## EXERCISE DESCRIPTION
The exercise calls for exact output of the lines between the one that contains "Open Source S600" and the end of the data, with both ends kept and pictures left out.
---- INFORMATION SHOWN
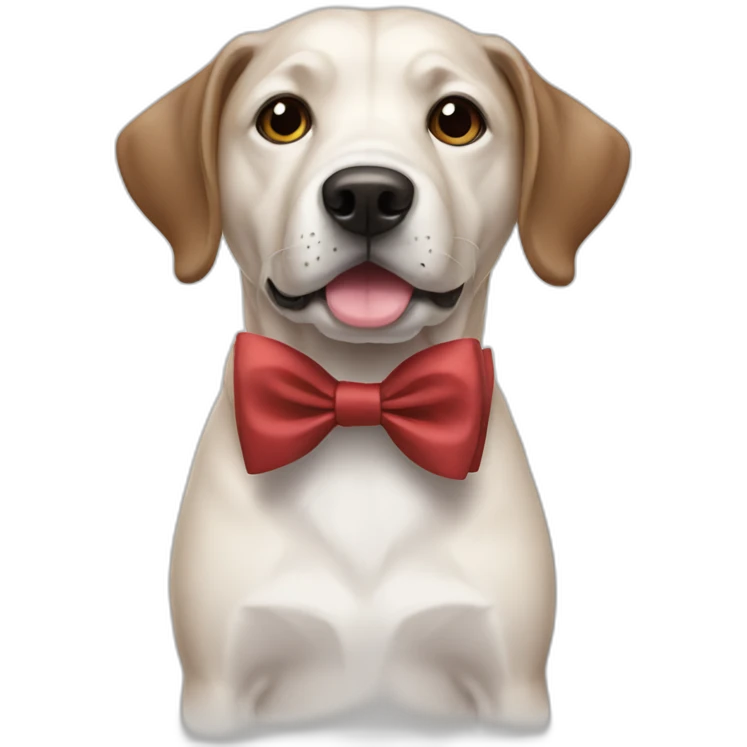 Dog with bow tie emoji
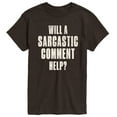 thumbnail image 1 of Instant Message - Funny Sarcastic Comment Help - Adult Short Sleeve T-shirt, 1 of 4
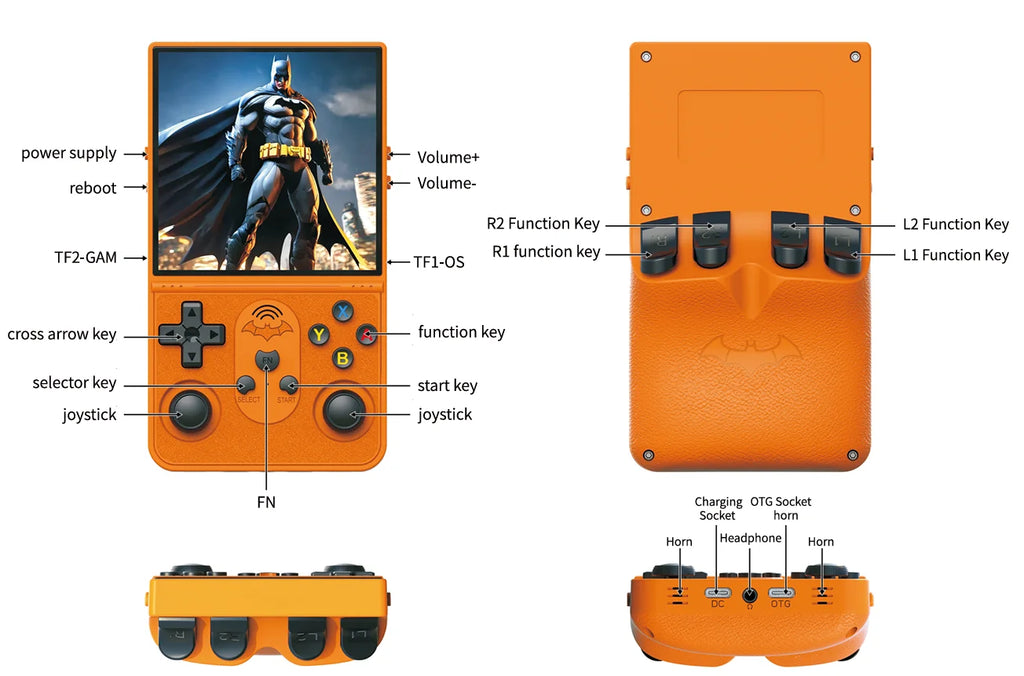 Open Source S600 Retro Handheld Video Game Console  Linux System 4.0 Inch IPS Screen Portable Game Player 18000+ Games Gift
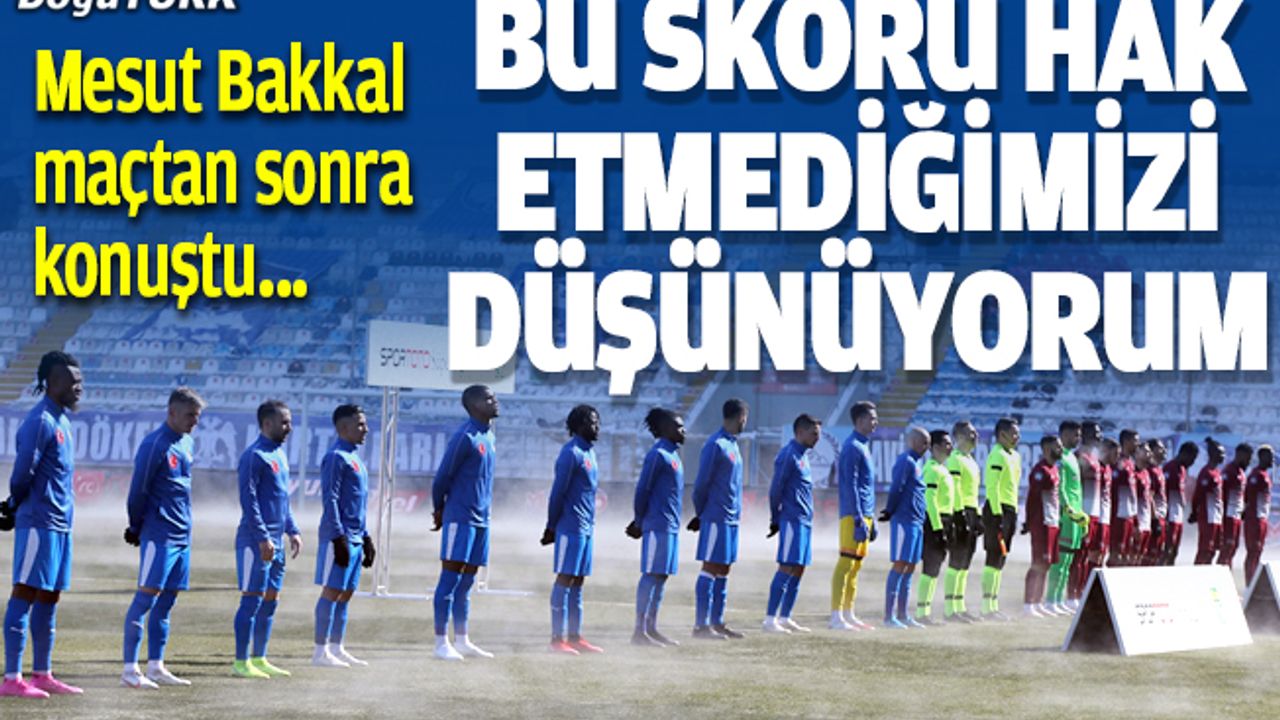 BB Erzurumspor- Atakaş Hatayspor maçının ardından konuştular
--------
## RESULT OF THIS TASK
 Open Source S600 Retro Handheld Video Game Console  Linux System 4.0 Inch IPS Screen Portable Game Player 18000+ Games Gift
 BB Erzurumspor- Atakaş Hatayspor maçının ardından konuştular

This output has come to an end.